— EXERCISE INSTRUCTIONS —
Each line from the beginning of the data below through the line containing "U\ Դ^SI͑ϝMķɽ|㽭Ϻ" should be repeated exactly, please.

— MATERIAL TO PROCESS —
■ ■ ■

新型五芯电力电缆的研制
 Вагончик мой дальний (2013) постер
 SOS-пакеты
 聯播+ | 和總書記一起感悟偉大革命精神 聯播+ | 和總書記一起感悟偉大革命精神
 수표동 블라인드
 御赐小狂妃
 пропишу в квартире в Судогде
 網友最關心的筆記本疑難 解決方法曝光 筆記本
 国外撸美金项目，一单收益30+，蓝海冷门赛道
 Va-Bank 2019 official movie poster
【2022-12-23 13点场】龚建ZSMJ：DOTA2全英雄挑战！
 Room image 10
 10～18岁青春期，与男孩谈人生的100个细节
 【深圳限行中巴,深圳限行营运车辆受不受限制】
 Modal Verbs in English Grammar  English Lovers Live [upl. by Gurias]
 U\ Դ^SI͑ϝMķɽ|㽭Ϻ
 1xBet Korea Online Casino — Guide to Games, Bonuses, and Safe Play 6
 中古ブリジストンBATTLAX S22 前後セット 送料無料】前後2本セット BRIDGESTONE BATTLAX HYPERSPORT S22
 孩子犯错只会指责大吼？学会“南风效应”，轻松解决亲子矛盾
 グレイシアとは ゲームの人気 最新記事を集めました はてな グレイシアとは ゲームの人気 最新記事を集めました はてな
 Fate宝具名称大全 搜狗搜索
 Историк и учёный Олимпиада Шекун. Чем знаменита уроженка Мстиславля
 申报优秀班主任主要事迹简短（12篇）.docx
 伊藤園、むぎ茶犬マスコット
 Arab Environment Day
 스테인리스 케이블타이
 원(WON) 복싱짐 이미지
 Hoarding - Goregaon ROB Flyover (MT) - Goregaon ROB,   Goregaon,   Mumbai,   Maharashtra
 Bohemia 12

■ ■ ■

— RESPONSE TO THIS EXERCISE —
新型五芯电力电缆的研制
 Вагончик мой дальний (2013) постер
 SOS-пакеты
 聯播+ | 和總書記一起感悟偉大革命精神 聯播+ | 和總書記一起感悟偉大革命精神
 수표동 블라인드
 御赐小狂妃
 пропишу в квартире в Судогде
 網友最關心的筆記本疑難 解決方法曝光 筆記本
 国外撸美金项目，一单收益30+，蓝海冷门赛道
 Va-Bank 2019 official movie poster
【2022-12-23 13点场】龚建ZSMJ：DOTA2全英雄挑战！
 Room image 10
 10～18岁青春期，与男孩谈人生的100个细节
 【深圳限行中巴,深圳限行营运车辆受不受限制】
 Modal Verbs in English Grammar  English Lovers Live [upl. by Gurias]
 U\ Դ^SI͑ϝMķɽ|㽭Ϻ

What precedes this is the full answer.